While I was out galavanting about the better part of three states over the past week, I received some eye-opening e-mail. A correspondent wrote to let me know that when it comes to dysfunctional regulators and self-fulfilling prophecies, community banks with their commercial restate woes aren't the only victims in the cross hairs. Banks that concentrate on agricultural lending are also in for their share of pain and suffering. I was so disturbed by the content, but pleased by the style, of the correspondence that I'll post it in full, minus personally identifying information of my correspondent (to spare him collateral damage that might flow from his candor).
The FDIC’s Kansas City Region hosted a teleconference on Wednesday, February 10, 2010. The topic for the teleconference was “Managing Concentration Risk.”

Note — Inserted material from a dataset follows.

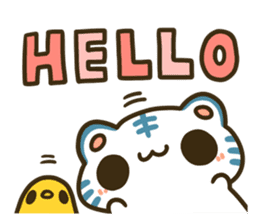 ChibiTora Stamp sticker #243405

The speakers were: James LaPierre, Regional Director
Mark Moylan, Assistant Regional Director
Al McGregor, Supervisory Examiner
Rich Cofer, Regional Manager
The Regulatory Agencies have taken a lot of heat because they didn't get out in front of the Residential and Commercial Real Estate problems. They intend to be in front of the next one. And they think Ag may be it. So this teleconference was to discuss Agricultural-related concentrations and potential methods to reduce and manage these risks.
The Kansas City Region of the FDIC covers 7 states and holds nearly Two-Thirds of the nation's 1564 farm banks. (By the way, this is the group with the highest 2009 ROA and nearly the lowest noncurrent loans ratio as per the just released FDIC Quarterly Banking Profile for the 4th quarter, 2009).
They discussed the fact that Commercial Real Estate and C&D loans have grown sharply in the 10 years from 1997 to 2007. And that recent failed banks often have high exposure to these types of loans. No surprises here.
They then discussed that Ag credit concentrations during that same 10 year period has remained steady. However, the risks associated with Ag lending have been increasing. Present farmland prices exceed the two price booms of the 20th Century. And operating income and expenses are showing signs of risk. So reduce or limit concentrations in loans secured by farmland AND Ag production loans. In addition, in the Ag banks, Non-Ag loans have the highest past due rates, so limit those also. They also said Loan To Value ratios for farmland loans should be 50% or better to NOT be classified when values are at or near their highs.
Regarding our Ag customers, we should, "form an exit strategy" from those farmers who only cash flow under the best case scenario when shocked for prices, input costs and interest rates. In other words, they want us to stop making loans to a large portion of our farmers under the age of 45.
They also discussed the Allowance for Loan and Lease Losses. The reserve should be "directionally consistent" with the past due loans. If the past dues are increasing, so should the ALLL. And the reserve should cover 100% of non-accrual and noncurrent loans. If we are not at 100% then we are not adjusting our economic factors and historical periods appropriately. We may have to limit our historical perspective to only the past 6 months.
They also provided some guidance. They told all of the Ag banks to read the three Financial Institution Letters discussing Commercial Real Estate Loans and wherever you read Commercial Real Estate substitute Ag.
I would like you to listen to this teleconference. However, you will have to take my word for it. They did not record the call. Even though this was coming from the Regional Director and Assistant Regional Director of the FDIC, they did not want it to be interpreted as official FDIC policy, because only the Board of Directors of the FDIC can set policy.
Thank you sir, may I have another?
It's great to see the FDIC flying under the public's radar to carpet bomb agricultural lending in the same manner its been blowing up commercial real estate lending. "Lend more! Get the economy moving!" Those are the federal regulators' public statements designed to satisfy politicians and an ignorant populace. At the same time, they are privately doing everything possible to make such lending impossible, while, at the same time, ensuring that banks capital and earnings are depleted. Don't be surprised when ag banks start to drop like community banks that bulked up on CRE.
I wonder how much longer small bankers are going to just sit there and take it?